There are now at least 36 foreign security companies -- most from the United States and Britain -- and 16 Iraqi firms registered to operate here, according to the Interior Ministry, and as many as 50 more are believed to have set up shop illegally. Their total workforce is estimated at 25,000; many are military veterans, though levels of experience vary. As of December, contracts to provide security for U.S. government agencies and reconstruction firms in Iraq had surpassed $766 million, according to a recent Government Accountability Office report.
"As the security world rapidly expanded, I think some had to incorporate into their labor pool people with significantly less experience," said Harry Schute, who commanded an Army civil affairs battalion in northern Iraq from March 2003 until early 2004 and now serves as an adviser to the Kurdistan regional government, which has its capital in Irbil.
Johann R. Jones, director of the Private Security Company Association of Iraq, a trade organization representing such companies, known as PSCs, disputed Horst's characterization of their performance in an e-mail response to written questions.
"Whilst the behavior of a few PSCs is unhelpful, we have to also keep in mind that 'bad apples' are present in all organizations, including the MNF-I," wrote Jones, using the acronym for Multinational Forces-Iraq, the U.S.-led military coalition here. "There have been huge strides amongst the Iraqi government to regulate and maintain accountability regarding PSCs. There have also been huge strides within the PSC community to identify those that behave in an unacceptable manner."
The U.S. Embassy official said that he was "extremely concerned" about shooting incidents involving private security companies but that the vast majority of security contractors were highly professional. Of 122 shootings by contractors protecting embassy officials since July 2004, only three have resulted in disciplinary actions, according to U.S. officials who monitor private security companies.
"Look, we're in a war zone," the official said. "They are high targets. The insurgents know when they see SUVs rolling down the street. There are people trying to kill them all the time, and sometimes they have to respond."
Security and other contractors working in Iraq have been frequent victims of violence. According to a Defense Department report to Congress last month, 166 contractors were killed and 1,005 wounded between May 1, 2003, and Oct. 28, 2004. The most publicized incident came on March 31, 2004, when four employees of Blackwater Security Consulting, a North Carolina-based company, were killed and their bodies dragged through the volatile western city of Fallujah.
While many security companies perform military-style tasks, often on behalf of the U.S. government, they are not under the armed services' command.
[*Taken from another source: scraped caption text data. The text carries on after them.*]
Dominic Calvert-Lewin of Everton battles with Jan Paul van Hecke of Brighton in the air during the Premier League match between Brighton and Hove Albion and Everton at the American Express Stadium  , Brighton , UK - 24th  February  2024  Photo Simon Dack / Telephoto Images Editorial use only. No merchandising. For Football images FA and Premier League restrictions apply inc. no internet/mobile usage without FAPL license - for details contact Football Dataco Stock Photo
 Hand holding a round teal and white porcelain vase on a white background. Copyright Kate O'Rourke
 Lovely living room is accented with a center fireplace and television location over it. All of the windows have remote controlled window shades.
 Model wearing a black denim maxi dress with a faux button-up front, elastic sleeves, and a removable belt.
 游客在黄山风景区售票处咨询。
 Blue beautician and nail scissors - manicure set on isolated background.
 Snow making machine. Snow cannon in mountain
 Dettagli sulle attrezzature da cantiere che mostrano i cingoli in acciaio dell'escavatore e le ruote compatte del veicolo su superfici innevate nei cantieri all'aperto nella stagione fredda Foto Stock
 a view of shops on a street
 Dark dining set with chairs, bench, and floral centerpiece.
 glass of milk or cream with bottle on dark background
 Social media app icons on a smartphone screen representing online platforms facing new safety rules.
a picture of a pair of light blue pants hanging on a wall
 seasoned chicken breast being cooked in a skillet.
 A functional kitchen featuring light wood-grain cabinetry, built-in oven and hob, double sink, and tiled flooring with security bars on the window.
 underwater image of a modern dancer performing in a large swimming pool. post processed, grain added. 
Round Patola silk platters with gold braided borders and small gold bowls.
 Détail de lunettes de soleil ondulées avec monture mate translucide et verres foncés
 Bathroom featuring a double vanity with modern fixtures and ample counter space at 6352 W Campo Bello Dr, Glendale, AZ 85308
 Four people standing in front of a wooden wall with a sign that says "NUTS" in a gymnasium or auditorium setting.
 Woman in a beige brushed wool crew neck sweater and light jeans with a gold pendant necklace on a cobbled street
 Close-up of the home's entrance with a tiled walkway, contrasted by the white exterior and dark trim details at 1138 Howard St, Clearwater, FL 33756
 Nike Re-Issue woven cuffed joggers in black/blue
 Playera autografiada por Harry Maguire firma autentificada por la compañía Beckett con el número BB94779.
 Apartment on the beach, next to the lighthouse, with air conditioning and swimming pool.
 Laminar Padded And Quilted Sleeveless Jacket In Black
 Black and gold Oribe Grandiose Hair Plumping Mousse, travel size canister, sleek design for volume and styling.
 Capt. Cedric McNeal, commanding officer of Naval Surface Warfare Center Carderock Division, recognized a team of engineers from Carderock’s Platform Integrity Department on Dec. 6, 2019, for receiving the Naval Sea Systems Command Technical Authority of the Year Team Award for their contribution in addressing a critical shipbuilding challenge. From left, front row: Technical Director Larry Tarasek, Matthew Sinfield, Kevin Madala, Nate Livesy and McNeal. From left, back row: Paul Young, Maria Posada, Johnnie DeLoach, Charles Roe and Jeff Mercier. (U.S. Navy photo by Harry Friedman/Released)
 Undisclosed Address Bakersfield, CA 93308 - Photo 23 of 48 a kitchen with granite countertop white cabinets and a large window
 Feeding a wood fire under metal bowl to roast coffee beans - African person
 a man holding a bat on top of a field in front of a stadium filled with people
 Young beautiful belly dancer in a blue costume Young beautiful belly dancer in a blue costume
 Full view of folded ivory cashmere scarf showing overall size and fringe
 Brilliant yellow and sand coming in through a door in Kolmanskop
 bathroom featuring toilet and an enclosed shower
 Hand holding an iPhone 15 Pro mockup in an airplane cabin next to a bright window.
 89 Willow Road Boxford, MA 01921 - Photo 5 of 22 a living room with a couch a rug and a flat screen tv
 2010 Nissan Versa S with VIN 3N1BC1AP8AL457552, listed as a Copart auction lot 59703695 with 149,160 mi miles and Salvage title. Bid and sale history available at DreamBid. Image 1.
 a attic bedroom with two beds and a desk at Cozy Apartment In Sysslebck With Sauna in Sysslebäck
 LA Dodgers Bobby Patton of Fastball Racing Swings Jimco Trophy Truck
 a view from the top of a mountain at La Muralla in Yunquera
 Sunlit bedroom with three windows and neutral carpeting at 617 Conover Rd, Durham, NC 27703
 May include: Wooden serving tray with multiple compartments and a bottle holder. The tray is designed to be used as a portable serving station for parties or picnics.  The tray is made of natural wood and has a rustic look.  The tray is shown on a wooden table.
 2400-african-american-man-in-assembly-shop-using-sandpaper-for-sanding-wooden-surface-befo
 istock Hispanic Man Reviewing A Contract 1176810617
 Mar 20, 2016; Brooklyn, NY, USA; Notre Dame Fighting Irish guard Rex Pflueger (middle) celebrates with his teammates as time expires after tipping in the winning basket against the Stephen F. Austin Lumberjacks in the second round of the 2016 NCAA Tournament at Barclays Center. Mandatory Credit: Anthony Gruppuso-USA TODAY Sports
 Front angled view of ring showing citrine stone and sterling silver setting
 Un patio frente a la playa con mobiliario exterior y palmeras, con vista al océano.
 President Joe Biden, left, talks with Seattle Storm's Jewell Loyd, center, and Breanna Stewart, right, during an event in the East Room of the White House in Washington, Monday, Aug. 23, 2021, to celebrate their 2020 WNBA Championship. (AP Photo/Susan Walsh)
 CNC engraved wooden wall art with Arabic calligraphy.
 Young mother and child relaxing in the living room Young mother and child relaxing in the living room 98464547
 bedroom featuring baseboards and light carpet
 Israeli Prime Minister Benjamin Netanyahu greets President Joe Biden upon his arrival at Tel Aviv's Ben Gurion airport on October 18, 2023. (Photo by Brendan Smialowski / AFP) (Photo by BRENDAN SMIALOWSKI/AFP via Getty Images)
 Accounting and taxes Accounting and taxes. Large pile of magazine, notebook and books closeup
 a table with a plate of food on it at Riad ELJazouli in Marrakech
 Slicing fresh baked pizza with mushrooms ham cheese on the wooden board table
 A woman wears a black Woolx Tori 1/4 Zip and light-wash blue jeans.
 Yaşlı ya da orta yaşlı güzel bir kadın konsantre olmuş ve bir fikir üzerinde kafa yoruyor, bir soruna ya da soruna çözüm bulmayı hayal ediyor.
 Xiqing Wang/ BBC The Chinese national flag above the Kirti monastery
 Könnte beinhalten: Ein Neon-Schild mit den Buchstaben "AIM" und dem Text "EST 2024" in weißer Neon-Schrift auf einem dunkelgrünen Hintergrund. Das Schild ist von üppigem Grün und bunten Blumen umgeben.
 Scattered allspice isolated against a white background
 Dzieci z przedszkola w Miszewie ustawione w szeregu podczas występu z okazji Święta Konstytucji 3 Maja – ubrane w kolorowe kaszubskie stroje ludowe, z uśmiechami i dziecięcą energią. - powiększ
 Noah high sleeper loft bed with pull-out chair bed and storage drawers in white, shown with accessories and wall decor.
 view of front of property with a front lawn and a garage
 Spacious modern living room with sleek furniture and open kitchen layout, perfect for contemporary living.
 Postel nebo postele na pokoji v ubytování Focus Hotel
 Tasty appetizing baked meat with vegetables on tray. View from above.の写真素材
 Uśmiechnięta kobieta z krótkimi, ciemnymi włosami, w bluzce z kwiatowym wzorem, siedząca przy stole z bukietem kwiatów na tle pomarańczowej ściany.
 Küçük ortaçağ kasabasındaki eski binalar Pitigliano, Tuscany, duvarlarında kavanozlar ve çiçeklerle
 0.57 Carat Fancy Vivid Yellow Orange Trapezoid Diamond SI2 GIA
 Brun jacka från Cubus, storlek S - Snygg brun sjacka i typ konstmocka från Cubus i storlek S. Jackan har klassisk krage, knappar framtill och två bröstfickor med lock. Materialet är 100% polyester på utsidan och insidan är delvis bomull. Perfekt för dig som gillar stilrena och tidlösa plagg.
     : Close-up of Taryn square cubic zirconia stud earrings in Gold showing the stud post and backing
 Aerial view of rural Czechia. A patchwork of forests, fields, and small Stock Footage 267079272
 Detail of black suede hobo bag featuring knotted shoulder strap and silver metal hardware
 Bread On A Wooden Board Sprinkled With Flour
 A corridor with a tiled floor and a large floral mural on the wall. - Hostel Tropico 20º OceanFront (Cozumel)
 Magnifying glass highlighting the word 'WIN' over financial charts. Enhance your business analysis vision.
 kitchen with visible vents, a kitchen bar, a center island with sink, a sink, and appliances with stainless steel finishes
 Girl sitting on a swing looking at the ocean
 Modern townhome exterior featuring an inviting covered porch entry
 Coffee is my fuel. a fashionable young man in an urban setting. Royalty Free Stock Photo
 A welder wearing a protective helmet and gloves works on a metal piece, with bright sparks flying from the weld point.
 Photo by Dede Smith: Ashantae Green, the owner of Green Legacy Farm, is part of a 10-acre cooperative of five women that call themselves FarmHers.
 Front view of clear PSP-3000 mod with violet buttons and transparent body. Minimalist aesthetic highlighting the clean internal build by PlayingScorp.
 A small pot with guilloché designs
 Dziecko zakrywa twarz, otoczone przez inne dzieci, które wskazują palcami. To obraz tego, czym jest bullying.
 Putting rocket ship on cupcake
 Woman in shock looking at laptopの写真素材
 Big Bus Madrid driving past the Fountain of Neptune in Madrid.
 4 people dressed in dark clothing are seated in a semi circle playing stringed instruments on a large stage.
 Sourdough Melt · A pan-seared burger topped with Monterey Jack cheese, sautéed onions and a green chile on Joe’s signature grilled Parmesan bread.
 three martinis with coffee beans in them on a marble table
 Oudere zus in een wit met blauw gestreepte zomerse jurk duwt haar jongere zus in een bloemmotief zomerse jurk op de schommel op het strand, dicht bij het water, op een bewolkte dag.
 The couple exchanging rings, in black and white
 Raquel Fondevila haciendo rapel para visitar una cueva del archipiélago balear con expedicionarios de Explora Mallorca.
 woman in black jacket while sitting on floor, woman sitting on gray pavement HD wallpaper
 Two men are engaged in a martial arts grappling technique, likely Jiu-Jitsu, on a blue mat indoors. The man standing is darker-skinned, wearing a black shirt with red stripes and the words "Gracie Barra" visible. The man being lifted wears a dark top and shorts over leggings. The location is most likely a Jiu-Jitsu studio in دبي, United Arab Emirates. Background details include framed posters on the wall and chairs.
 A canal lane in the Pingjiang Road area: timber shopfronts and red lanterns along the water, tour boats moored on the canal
In response to a congressional request for more information on oversight of security contractors, the Pentagon said the military's relationship with them was "one of coordination, not control."
Horst declined to provide the name of the contractors whose employees were involved in the 12 shootings he documented in the Baghdad area. But he left no doubt that he believed the May 12 incident, in which three people were killed, led directly to the attack on his soldiers that came days later on the same block.
"Do you think that's an insurgent action? Hell no," Horst said. "That's someone paying us back because their people got killed. And we had absolutely nothing to do with it."
Asadi, the Interior Ministry official, said Iraqi civilians nevertheless think private security guards are American soldiers. "They have the same bodies, the same looks," he said. "The only difference is the Humvees," vehicles used by the military but not by private firms.